And (3) obtaining the optimal reactive power output of the wind turbine generator and the compensation device under the configuration of the reactive compensation device in the steps (1) and (2) by utilizing the optimization calculation in the step (3) according to the ultra-short-term wind power prediction data, and improving the static voltage stability and the fault handling capability of the wind power plant.

Compared with the prior art, the invention has the beneficial technical effects that:

1. the offshore wind farm reactive power optimization configuration method provided by the invention fully considers the advantages and the disadvantages of the reactive power compensation device, selects a proper compensation point and a compensation mode by combining the characteristics of the offshore wind farm, determines the compensation capacity and the grouping number of the parallel high-voltage reactors through static optimization, and uses P to calculate the reactive power of the parallel high-voltage reactors_DFIGThe n table is used as reference, a switching plan is determined in advance according to wind power prediction data, and the compensation effect of the reactor is improved; and optimizing the compensation capacity of the SVG through a dynamic simulation process, solving the capacity of the minimum dynamic reactive power compensation device by taking the transient voltage stability as constraint, and carrying out low voltage ride through test. The optimization method meets the requirements specified by the offshore wind farm grid-connected technology, reduces the reactive compensation construction cost and ensures the wind powerSafe operation of the field.

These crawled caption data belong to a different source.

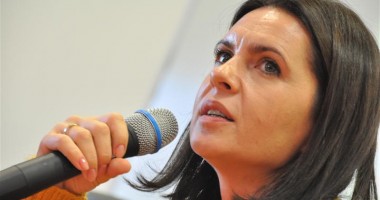Stire din Politică-Administrație : PDL va încerca să depună o moțiune de cenzură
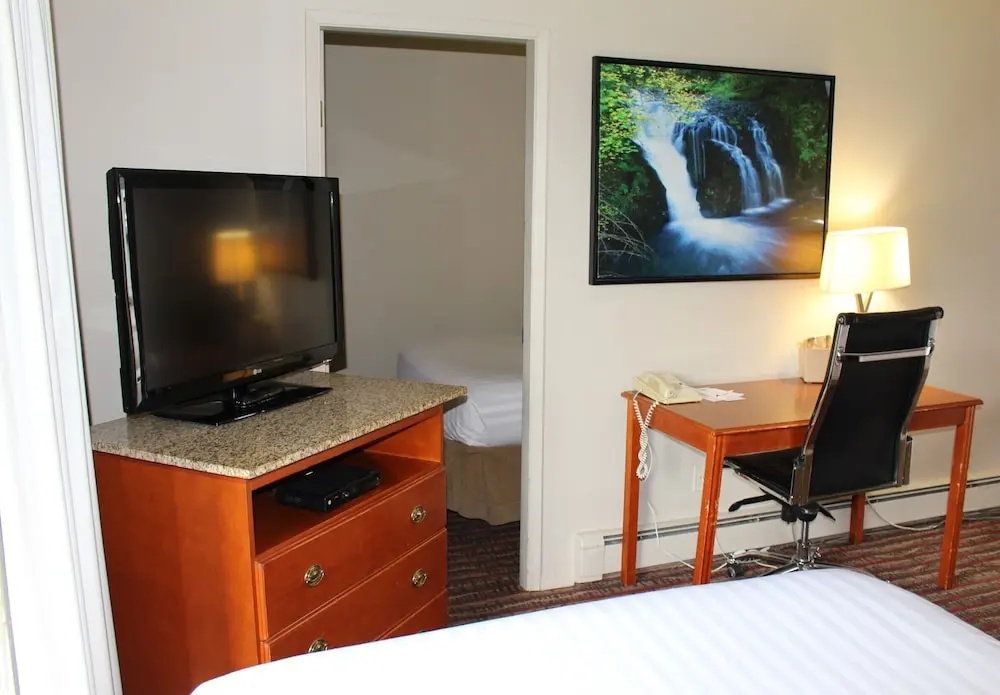 Ramada by Wyndham Campbell River - Chambres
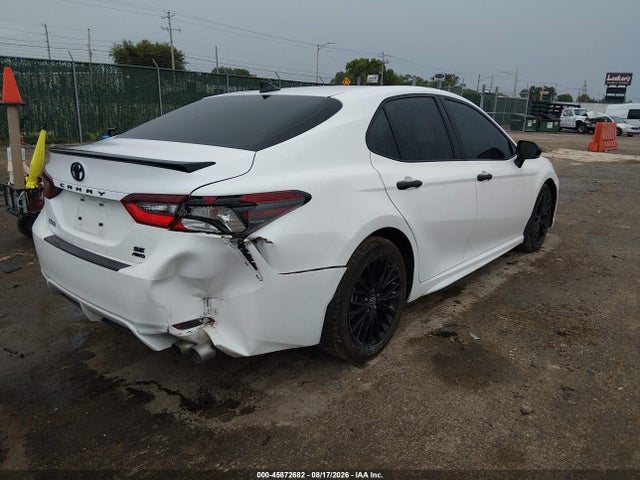 4T1G11BK2NU060695 Toyota Camry Se Nightshade Special Awd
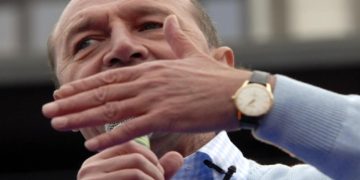 Traian Basescu despre Marcel Ciolacu E ridicol sa pierzi vremea pe TikTok sa mananci sarmale sa cobori pisici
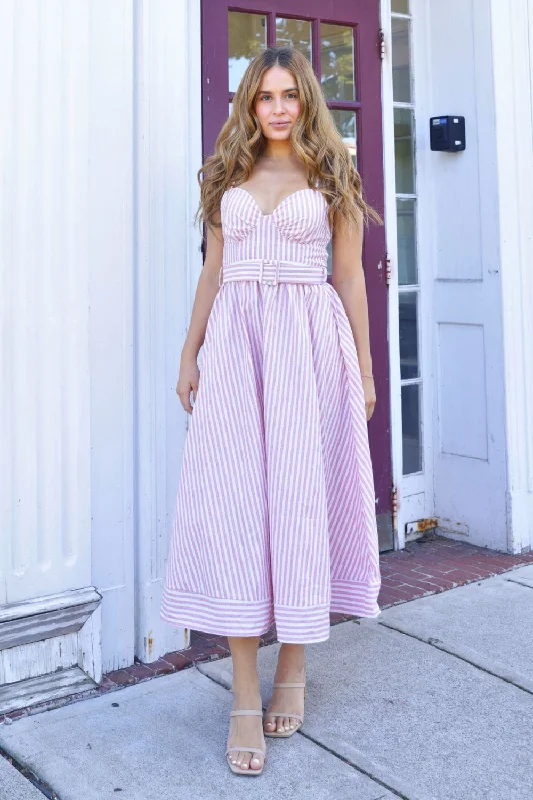 Petite Belted Stripe Fit and Flare Maxi Dress (White/Red)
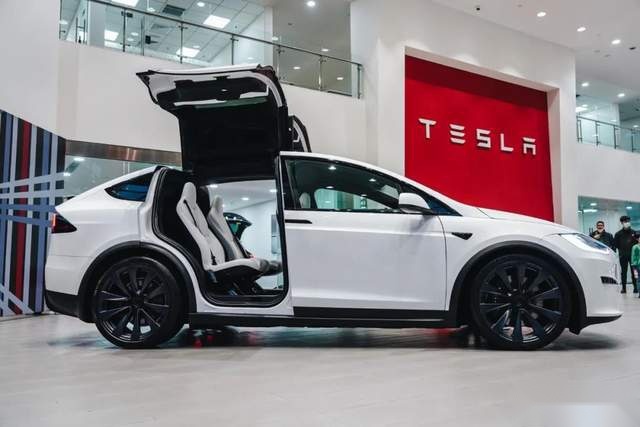 5年后的电动车啥样？看看特斯拉Model X Plaid就大致请清楚了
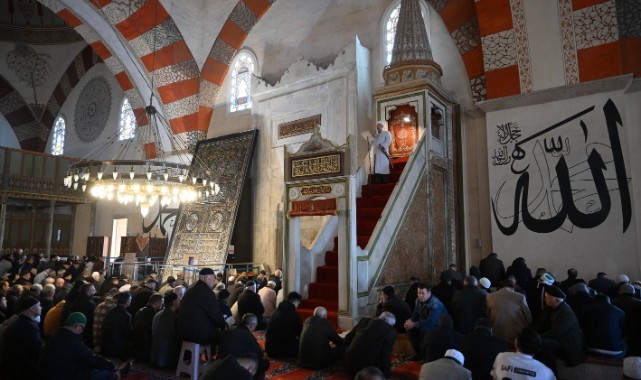 Trakya'daki camilerde ramazanın ilk cuma namazı kılındı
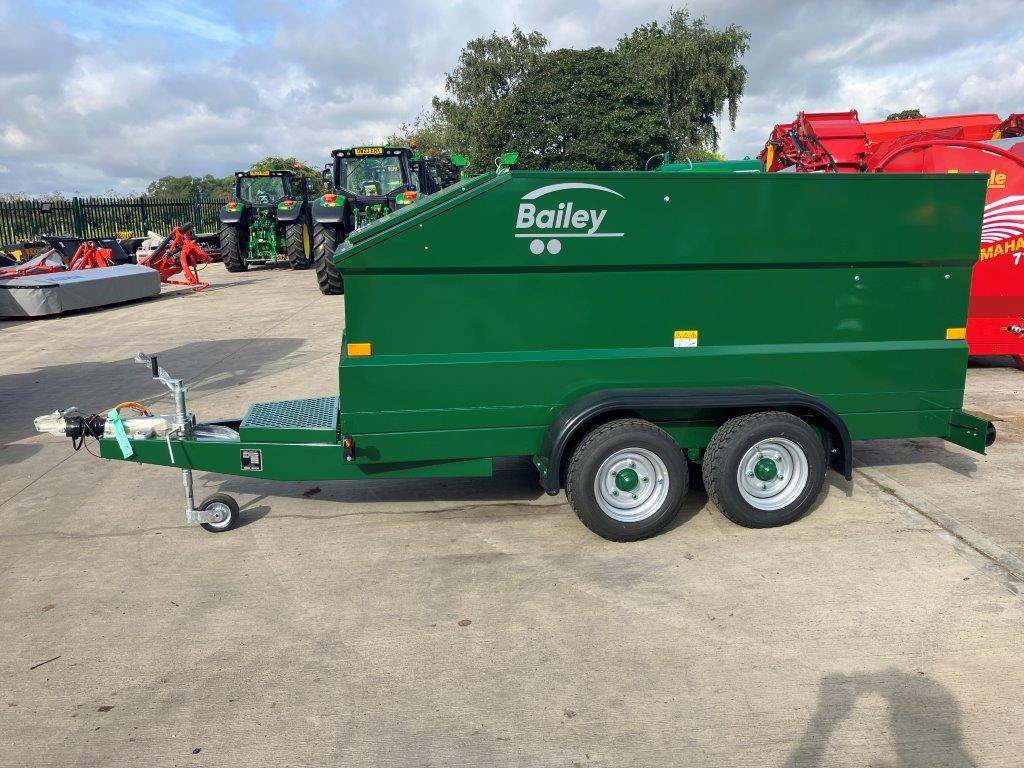 Bailey Fuel Bowser - Trailer pertanian: gambar 2 Bailey Fuel Bowser - Trailer pertanian: gambar 2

2. The offshore wind power plant reactive power optimization configuration method provided by the invention fully utilizes the reactive power regulation capacity of the wind turbine generator, aims to improve the static voltage stability, reserve the SVG reactive power margin and reduce the active network loss on the basis of optimizing the capacity of the reactive power compensation device, optimizes the reactive power output of the wind turbine generator and the reactive power compensation device by using an artificial intelligence algorithm, coordinates and distributes the reactive power output of the wind turbine generator and the SVG device, and improves the fault handling capacity while reducing the comprehensive operation cost.

Drawings

FIG. 1 is a diagram of the structure of an offshore wind farm in an embodiment;

FIG. 2 is a diagram of reactive power output limit of the doubly-fed wind turbine;

FIG. 3 is a voltage waveform diagram of a grid-connected point, a booster station and a wind turbine generator terminal in an SVG capacity optimization simulation process;

FIG. 4 is a waveform diagram of active power output, reactive power output and SVG reactive power output of a wind power plant in the SVG capacity optimization simulation process;

FIG. 5 is a voltage waveform diagram of a grid-connected point and a wind turbine generator terminal in a low voltage ride through simulation process;

FIG. 6 is a waveform diagram of wind power plant output active power and wind power plant reactive power in a low voltage ride through simulation process;

FIG. 7 is a sectional view of a predicted wind power curve;

FIG. 8 is a graph of grid-connected point voltage and wind turbine generator terminal voltage at the first two time periods;

fig. 9 is a first two-period wind turbine generator and SVG reactive power force diagram.

Detailed Description

The present invention will be described in further detail with reference to the accompanying drawings and examples.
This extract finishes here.